The ML part of data science deals with building a model. In the Netflix scenario, the data model recommends, based on your viewing history, which movies you are likely to enjoy next. The data engineering part of the discipline deals with building a system that continuously gathers and cleans up the viewing history, then runs the model at scale on the data of all users and distributes the results to the recommendation user interface. All of this provided in an automated fashion with monitoring and alerting build around each step of the process.

Data engineering deals with building and operating big data platforms to support all data science scenarios. There are various other terms used for some of these aspects: DataOps refers to moving data in a data system, MLOps refers to running ML at scale as in our Netflix example. (ML combined with DevOps is also known as MLOps.) Our definition of data engineering encompasses all of these and looks at how we can implement DevOps for data science.

1.2 Who this book is for

This is a book for data scientists, software engineers, and software architects turned data engineers and tasked with building a data platform to support analytics and/or ML at scale. You should know what the cloud is, have some experience working with data and code, and not mind using a shell. We’ll touch on the basics of all of these, but the focus for this book will be on data platform building.

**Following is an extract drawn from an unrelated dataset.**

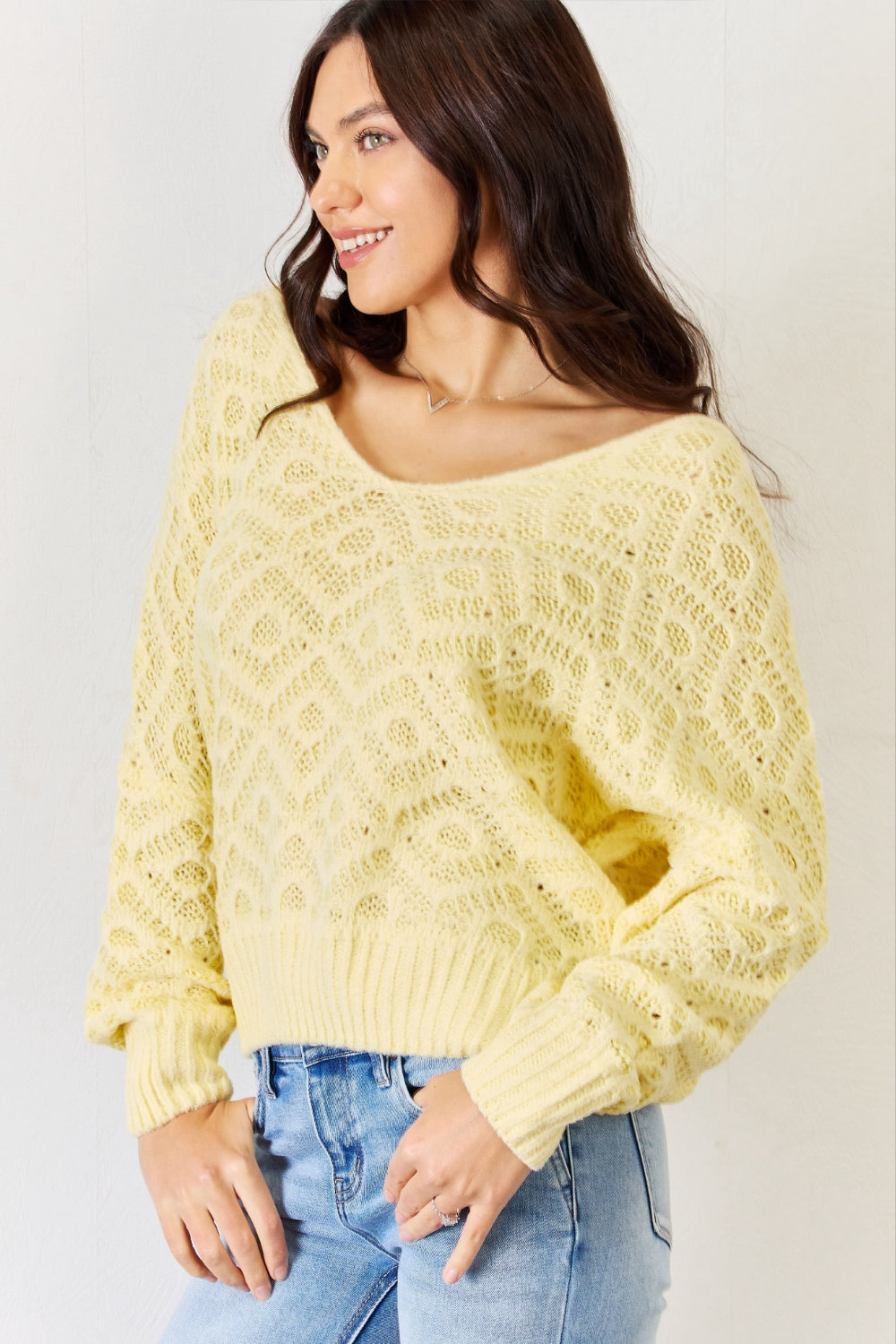Stilla | V-hals mønstret langærmet sweater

Data engineering is surprisingly similar to software engineering and frustratingly different. While we can leverage a lot of the lessons from the software engineering world, as we will see in this book, there is a unique set of challenges we will have to address. Some of the common themes are making sure everything is tracked in source control, automatic deployments, monitoring, and alerting. A key difference between data and code is that code is static: once the bugs are worked out, a piece of code is expected to work consistently and reliably. On the other hand, data moves continuously into and out of a data platform, and it is likely failures will occur due to various external reasons. Governance is another major topic that is specific to data: access control, cataloguing, privacy, and regulatory concerns are a big part of a data platform.

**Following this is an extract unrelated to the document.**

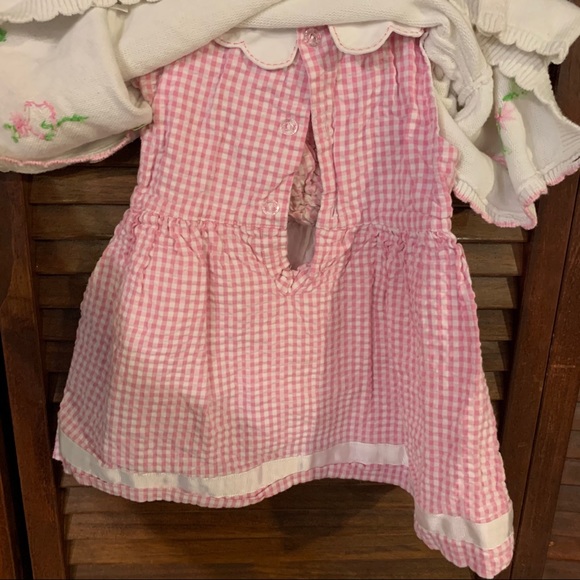 Pink Gingham Dress White Embroidered Cardigan - Picture 12 of 12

The main theme of the book is bringing some of the lessons learned from software engineering over the past few decades to the data space so you can build a data platform exhibiting the properties of a solid software solution: scale, reliability, security, and so on. This book tackles some of these challenges, goes over patterns and best practices, and provides examples of how these could be applied in the Azure cloud. For the examples, we will use the Azure CLI (CLI stands for command-line interface), KQL (the Kusto Query Language), and a little bit of Python. The focus won’t be on the services themselves though. Instead, we will focus on data engineering challenges (and solutions) in a production environment.

1.3 What is a data platform?

Just as many data science projects start as an exploration of a data space and what insights can be derived from the data, many data science teams start in a similar exploratory fashion. A small team comes up with some good insights at first, and then as the team grows, so do the needs of the underlying platform supporting the team.

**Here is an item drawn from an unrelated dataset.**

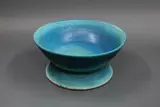 Graeme Storm, Fruit bowl, stoneware with mottled blue and green barium glaze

What first used to be an ad hoc process now requires automation. Once there were just two data scientists on the team, so who got to see which data was not as much of a concern as it is now, when there are 100 data scientists, some interns, and some external vendors. What used to be a monthly email is now a live system integrated with the company’s website. Different scenarios that used to be achieved through different means must now be supported by a robust data platform.

definition A data platform is a software solution for collecting, processing, managing, and sharing data for strategic business purposes.

Let’s look at an analogy to software engineering. You can write code on your laptop (for example, a web service like GIPHY) that, when given some keywords, returns a set of topical animations. Even if the code does exactly what it is meant to, that doesn’t mean it can scale to a production environment. If you want to host the same service at web scale and expect that anyone around the world can access it at any time, there is an additional set of concerns to consider: performance, scaling to millions of users, low latency, a failover solution in case things go wrong, a way to deploy an update without downtime, and so on. We can call the first part, writing code on your laptop, software development or coding. The second part, operatin...